Complaints Procedure – Members Code of Conduct

Complaints Procedure – Members Code of Conduct

The Authority’s Standards sub-committee is responsible for dealing with complaints relating to a Member of the Authority where it is considered that the Member may be in breach of the Code of Conduct for Members.

How do I complain?

If you want to complain about the conduct of a Member of the Authority you should submit your complaint marked CONFIDENTIAL – COMPLAINT to:

The Monitoring Officer
Bovey Tracey
Newton Abbot
TQ13 9JQ
Tel: 01626 832093

The complaint should be in writing, preferably using either of the forms below. If this presents difficulties for you and you do not have anyone who can assist you, please contact us on the above number in the first instance.

How will my complaint be dealt with?

The complaint will be considered by the Monitoring Officer to check that it relates to a matter covered by the Code of Conduct.

The Monitoring Officer may ask you for further information or clarification and will usually inform the Member(s) concerned that a complaint has been received and invite them to make a statement. The Monitoring Officer will also consult with one of the Independent Persons appointed under section 28(7) of the Localism Act 2011.

The Monitoring Officer has to make an initial assessment:

  • whether the matter complained of is capable of being a breach of the code of conduct
  • whether the Member admits or denies of the allegation, in whole or part
  • whether there is evidence of a breach of the code of conduct
  • the seriousness of any apparent breach and the balance of public interest in any investigation
  • whether any reasonable explanation has been offered which should be taken into account

The Monitoring Officer may decide:

  • that no breach appears to have occurred
  • that a breach appears to have occurred, but no further action should be taken
  • to explore the scope for a “no fault” outcome (eg by mediation or the Member receiving additional training)
  • that a formal investigation is necessary
  • that the complaint if proven, could constitute a criminal offence. In these instances the complainant will be referred to the police.

1. Decide no further action be taken

The Monitoring Officer can decide that no action is required in respect of a complaint.  This could be due to the fact that the Monitoring Officer does not consider the complaint to be sufficiently serious to warrant any action.  Alternatively it could be due to the length of time elapsed since the alleged conduct, or because it is considered that there has been no failure to comply with the Code of Conduct.

There is no right of appeal against a decision to take no further action.

2. Refer for other action

The Monitoring Officer can decide that action other than an investigation should be explored. The suitability of other action is dependent on the nature of the complaint.  Deciding to deal pro-actively with a matter in a positive way that does not involve an investigation can be a good way to resolve matters that are less serious and may produce a more effective result.

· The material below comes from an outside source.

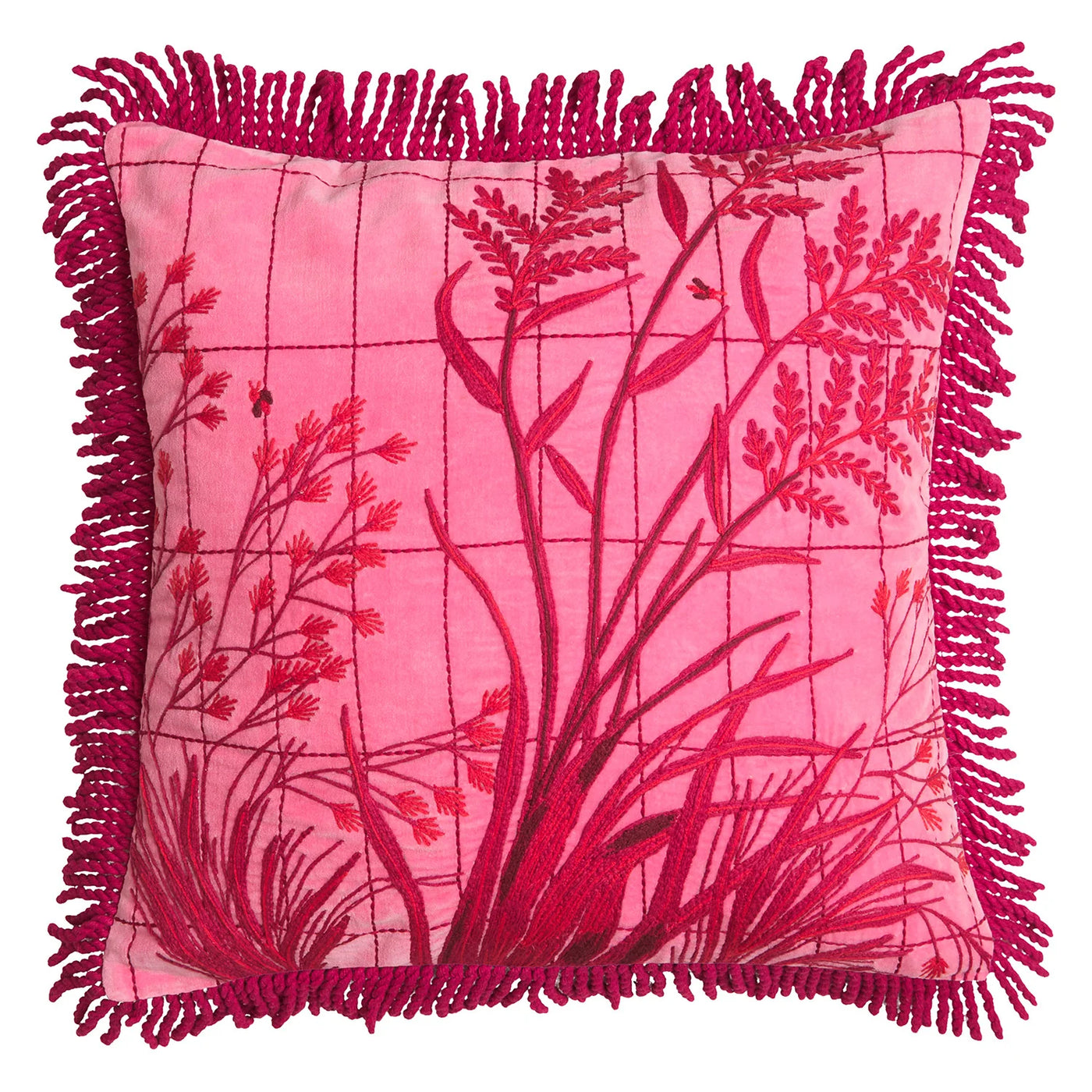 Adelyn Embroidered Cushion - Cosmo Pink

Other action may also be appropriate where a breakdown in relationships within the Authority is apparent, evidence of which may include:

  • a pattern of allegations of disrespect, bullying or harassment
  • a series of ‘tit for tat’ allegations

If the Monitoring Officer embarks on a course of other action, it will be emphasised to the parties concerned that the purpose of other action is not to find out whether the Member has breached the code. The decision is made as an alternative to investigation.

There is no appeal against the decision to deal with a complaint by other action.

3. Referral for investigation 

The Monitoring Officer will appoint an investigating officer, who may be an officer of the Authority or may be an external contractor. On completion of the investigation, which must be within 3 months, the Monitoring Officer will consider the Investigating Officer’s report and determine whether to convene a Hearing Panel

If the Monitoring Officer considers there has not been a failure to comply with the code of conduct, the complaint may be dismissed and the investigation closed.

If the Monitoring Officer considers that there appears to have been a failure to comply with the code of conduct, a Hearing Panel will be convened. A Hearing Panel will be comprised of three Members of the Authority, who will normally be members of the Standards sub-committee. The hearing will be a public meeting at which the Panel will hear and question the Investigating Officer’s report, anything the Member(s) concerned wish to say and the advice of the Monitoring Officer.


The Hearing is a formal meeting of the Authority and is not a court of law. It does not hear evidence under oath, but it does decide factual evidence on the balance of probabilities. The subject Member may choose to be represented by a counsel, solicitor or any other person they wish. The public are not able to make representations at the hearing, but can be present if the meeting is held in public. The Hearings Panel will usually announce its decision at the end of the hearing and if possible make a short written decision available on the day of the hearing. A full written decision will be drawn up shortly after the end of the hearing and made available to all relevant parties. A summary of the decision may be published in a local newspaper and on the Authority’s website.

There is no right of appeal against a decision of the Hearing Panel.